TASK DIRECTIONS
The full listing, word for word and free of images, is the expected result.

**** RECORD SET

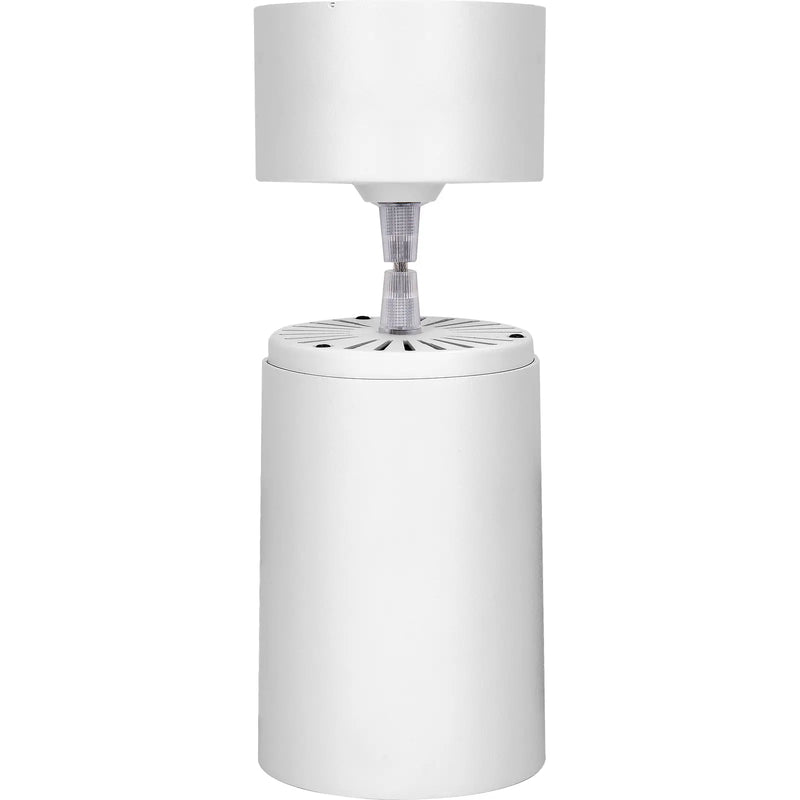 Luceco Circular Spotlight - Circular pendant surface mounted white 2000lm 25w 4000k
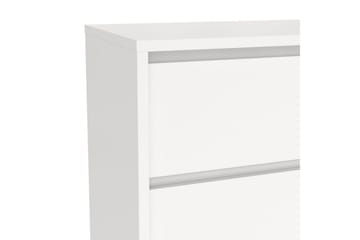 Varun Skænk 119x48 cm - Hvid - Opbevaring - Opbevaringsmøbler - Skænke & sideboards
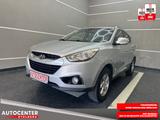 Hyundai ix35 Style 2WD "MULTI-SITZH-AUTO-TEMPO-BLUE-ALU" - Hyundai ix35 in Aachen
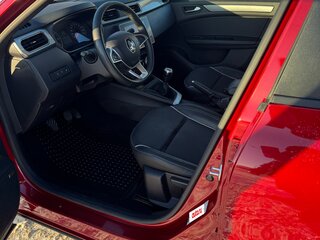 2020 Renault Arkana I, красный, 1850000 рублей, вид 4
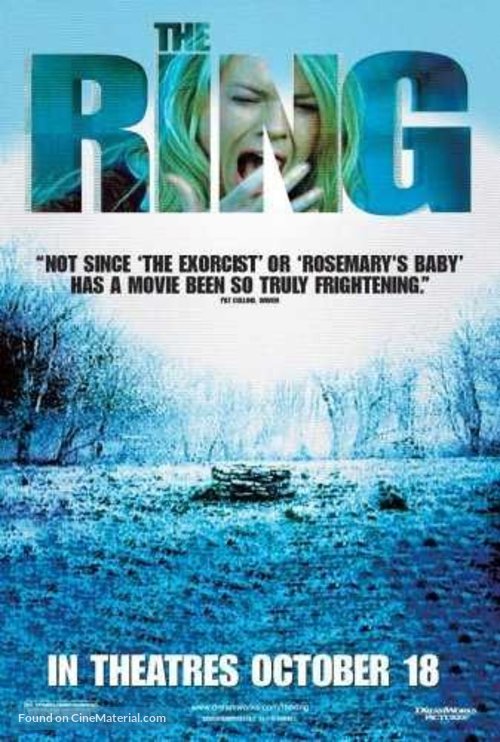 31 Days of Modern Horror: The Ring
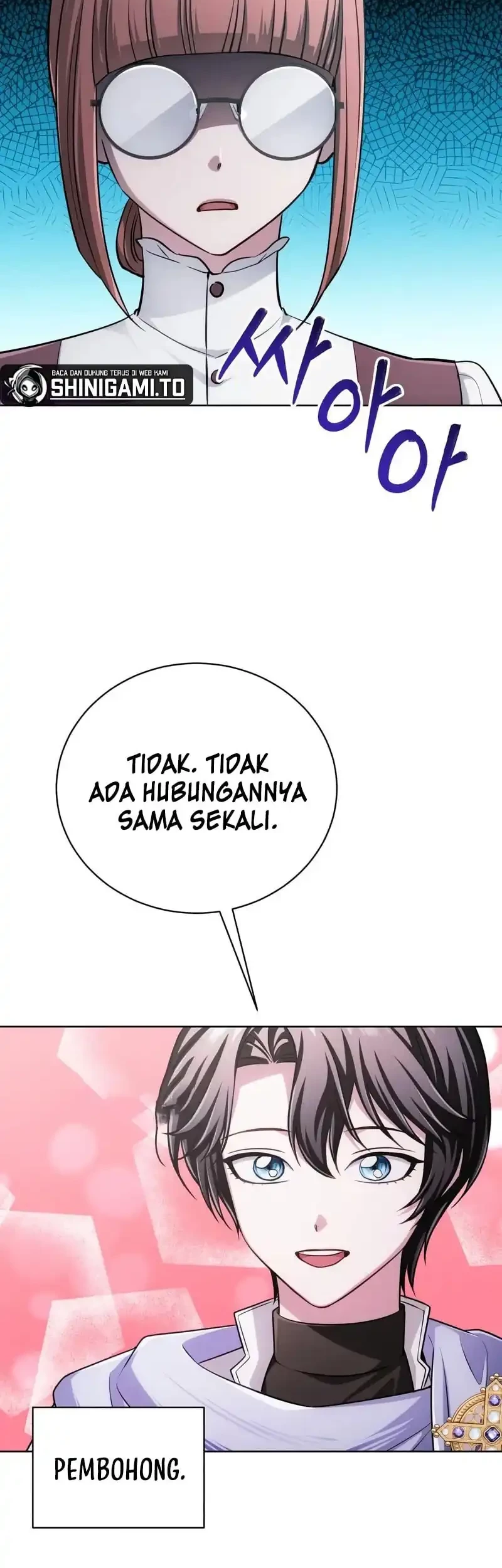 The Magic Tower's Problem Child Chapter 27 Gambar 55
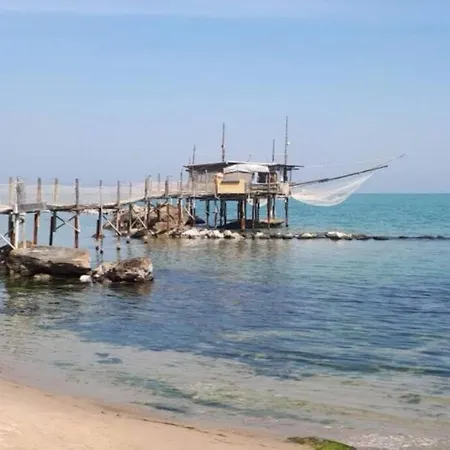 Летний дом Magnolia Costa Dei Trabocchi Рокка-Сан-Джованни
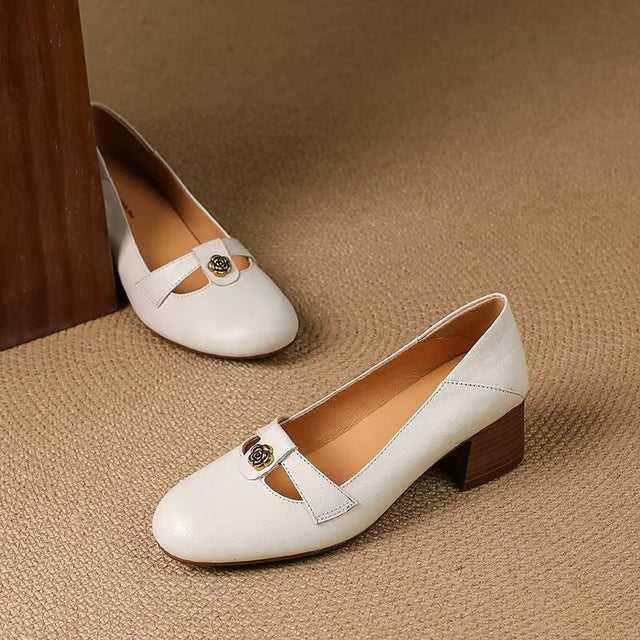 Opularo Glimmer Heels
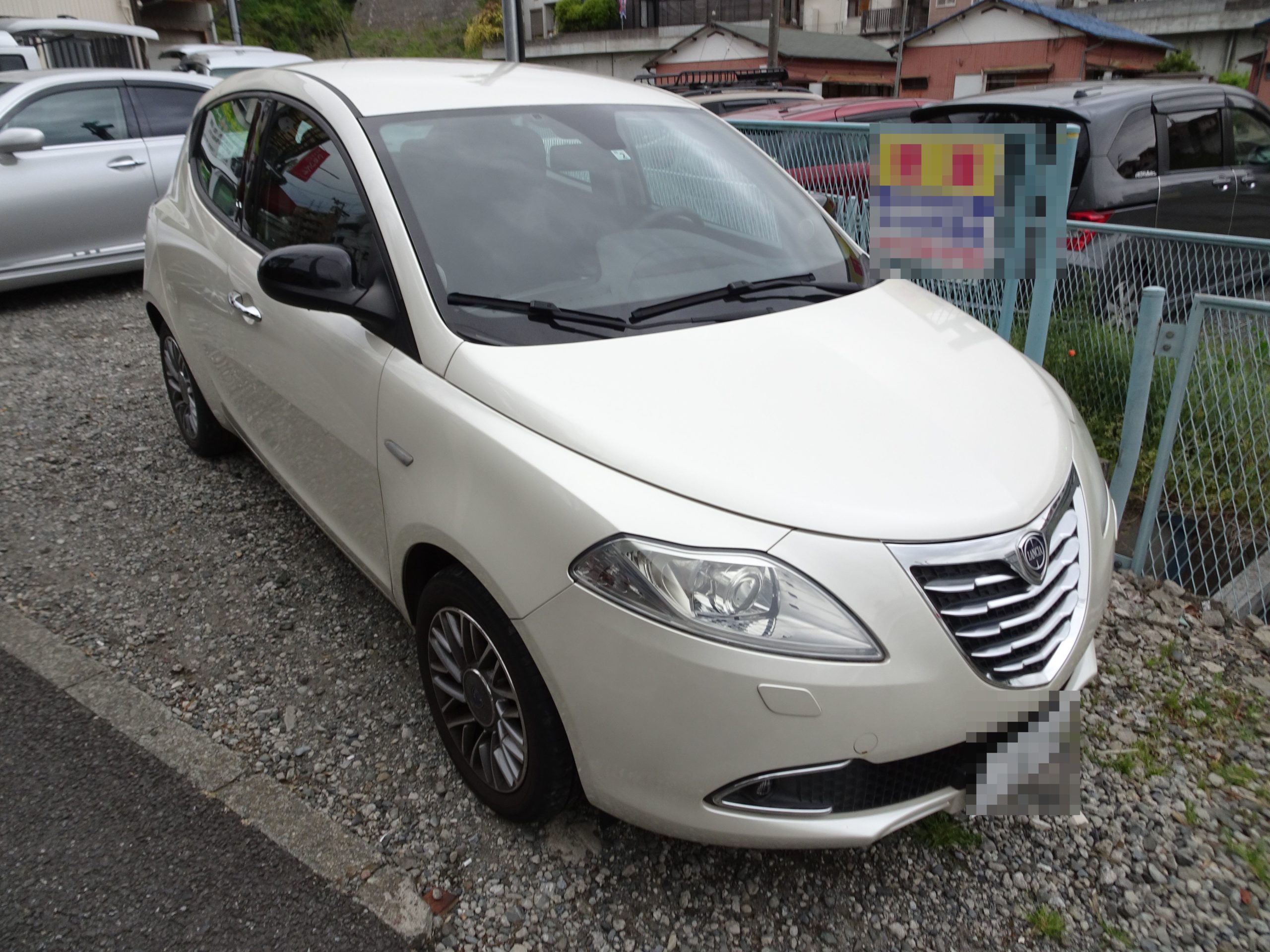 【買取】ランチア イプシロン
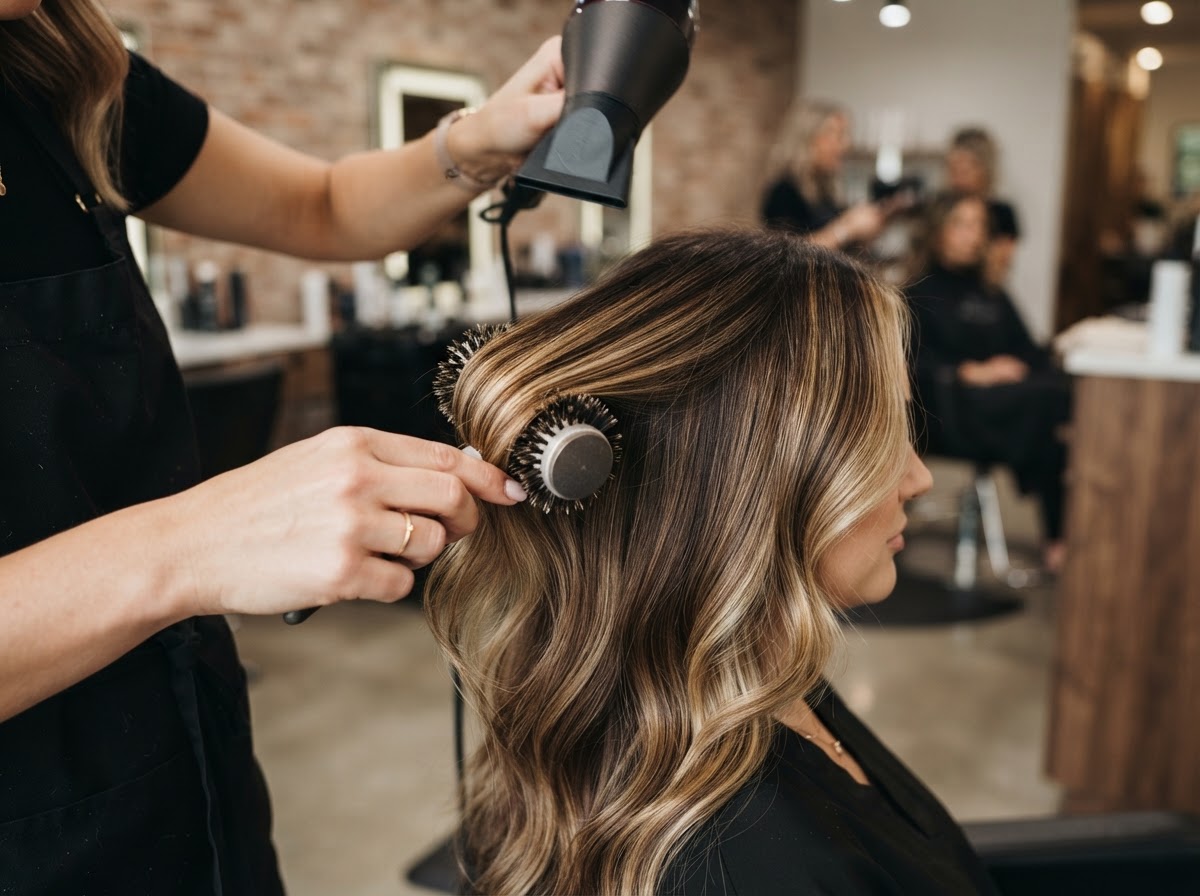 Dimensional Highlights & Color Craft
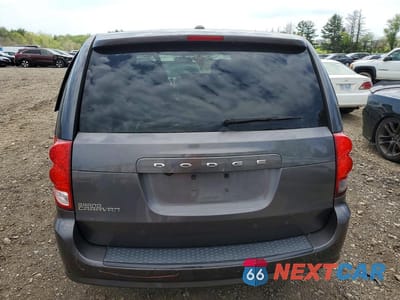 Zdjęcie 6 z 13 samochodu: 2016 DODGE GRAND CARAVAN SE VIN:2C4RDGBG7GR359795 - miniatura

********

OUTPUT FOR THIS TASK
 Luceco Circular Spotlight - Circular pendant surface mounted white 2000lm 25w 4000k
 Varun Skænk 119x48 cm - Hvid - Opbevaring - Opbevaringsmøbler - Skænke & sideboards
 Hyundai ix35 Style 2WD "MULTI-SITZH-AUTO-TEMPO-BLUE-ALU" - Hyundai ix35 in Aachen
 2020 Renault Arkana I, красный, 1850000 рублей, вид 4
 31 Days of Modern Horror: The Ring
 The Magic Tower's Problem Child Chapter 27 Gambar 55
 Летний дом Magnolia Costa Dei Trabocchi Рокка-Сан-Джованни
 Opularo Glimmer Heels
 【買取】ランチア イプシロン
 Dimensional Highlights & Color Craft
 Zdjęcie 6 z 13 samochodu: 2016 DODGE GRAND CARAVAN SE VIN:2C4RDGBG7GR359795 - miniatura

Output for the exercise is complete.